Generate professional captions and subtitles with multi-engine transcription, word-level timing, styling presets, and burn-in.
---
name: Video Captions
slug: video-captions
version: 1.0.1
homepage: https://clawic.com/skills/video-captions
description: Generate professional captions and subtitles with multi-engine transcription, word-level timing, styling presets, and burn-in.

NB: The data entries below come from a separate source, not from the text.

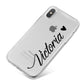 Personalised Black Script Name Heart Clear iPhone X Bumper Case on Silver iPhone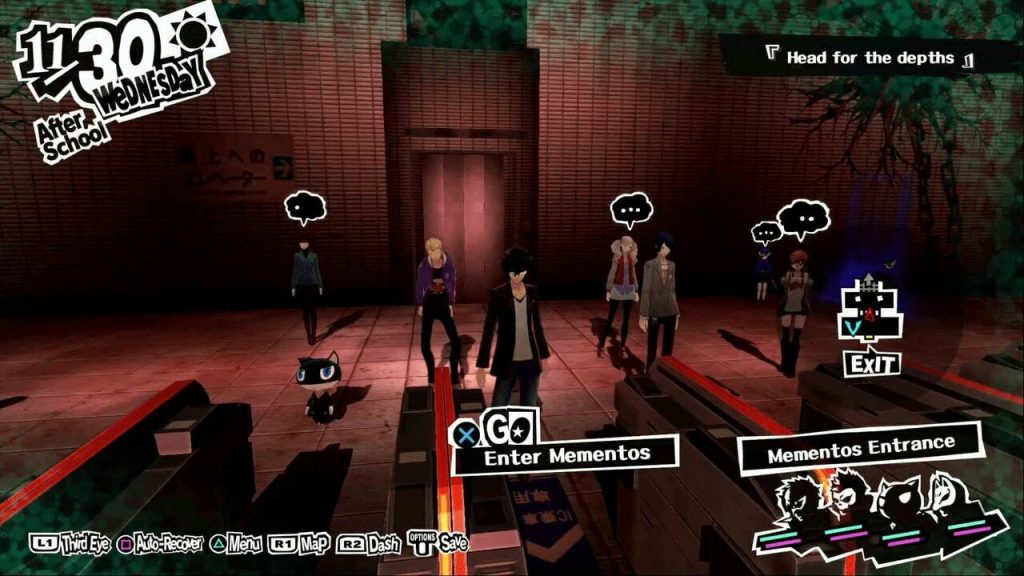 Persona 5 party at the Mementos entrance, with dialogue and objective prompts.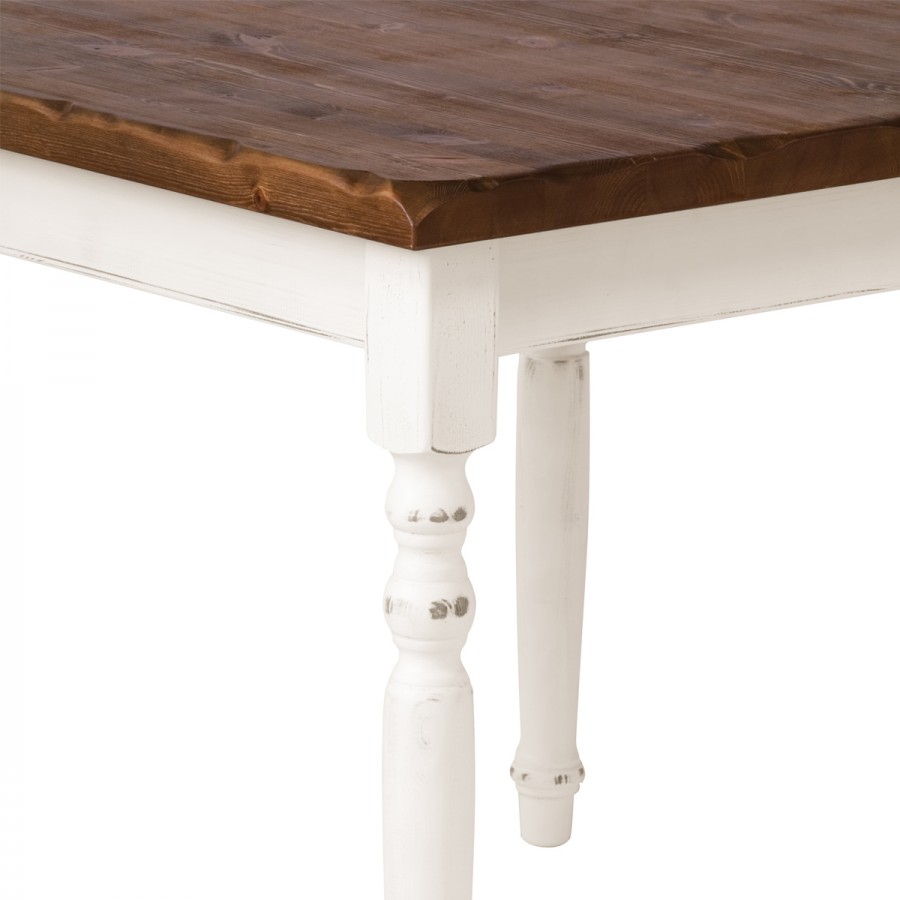 Tavolo in legno classico shabby chic 80x80x3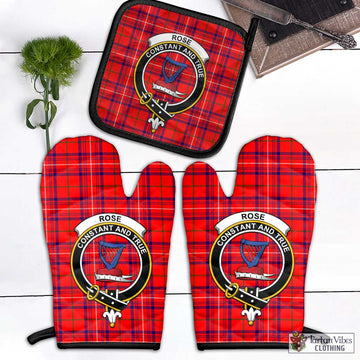 Rose Modern Tartan Combo Oven Mitt & Pot-Holder with Family Crest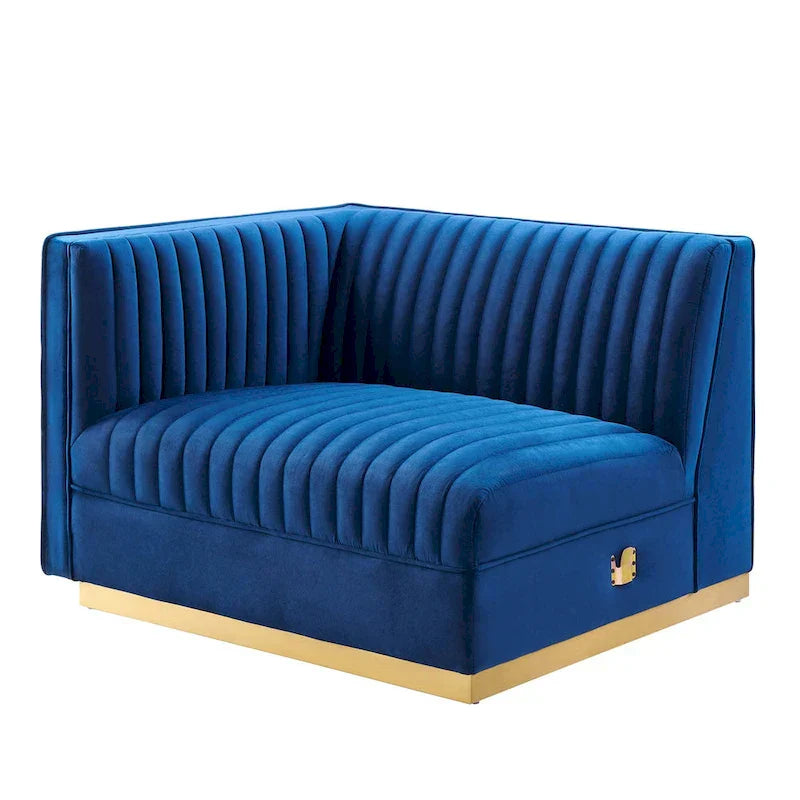 Sanguine Fauteuil accoudoir gauche pour canapé sectionnel modulable en velours performance à capitons canaux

changelog: Declared optional cloud API env vars in metadata to clarify that cloud engines require user-provided keys
metadata: {"clawdbot":{"emoji":"๐ฌ","requires":{"bins":["ffmpeg","whisper"],"env":{"optional":["ASSEMBLYAI_API_KEY","DEEPGRAM_API_KEY"]}},"os":["linux","darwin"]}}
---
## When to Use
User needs captions or subtitles for video content. Agent handles transcription, timing, formatting, styling, translation, and burn-in across all major formats and platforms.
## Quick Reference
| Topic | File |
|-------|------|
| Transcription engines | `engines.md` |
| Output formats | `formats.md` |
| Styling presets | `styling.md` |
| Platform requirements | `platforms.md` |
## Core Rules
### 1. Engine Selection by Context
| Scenario | Engine | Why |
|----------|--------|-----|
| Default (recommended) | Whisper local | 100% offline, no data leaves machine |
| Apple Silicon | MLX Whisper | Native acceleration, still local |
| Word timestamps | whisper-timestamped | DTW alignment, still local |
Default: Whisper local (turbo model). See `engines.md` for optional cloud alternatives.
### 2. Format Selection by Platform
| Platform | Format | Notes |
|----------|--------|-------|
| YouTube | VTT or SRT | VTT preferred |
| Netflix/Pro | TTML | Strict timing rules |
| Social (TikTok, IG) | Burn-in (ASS) | Embedded in video |
| General | SRT | Universal compatibility |
| Karaoke/effects | ASS | Advanced styling |
Ask user's target platform if not specified.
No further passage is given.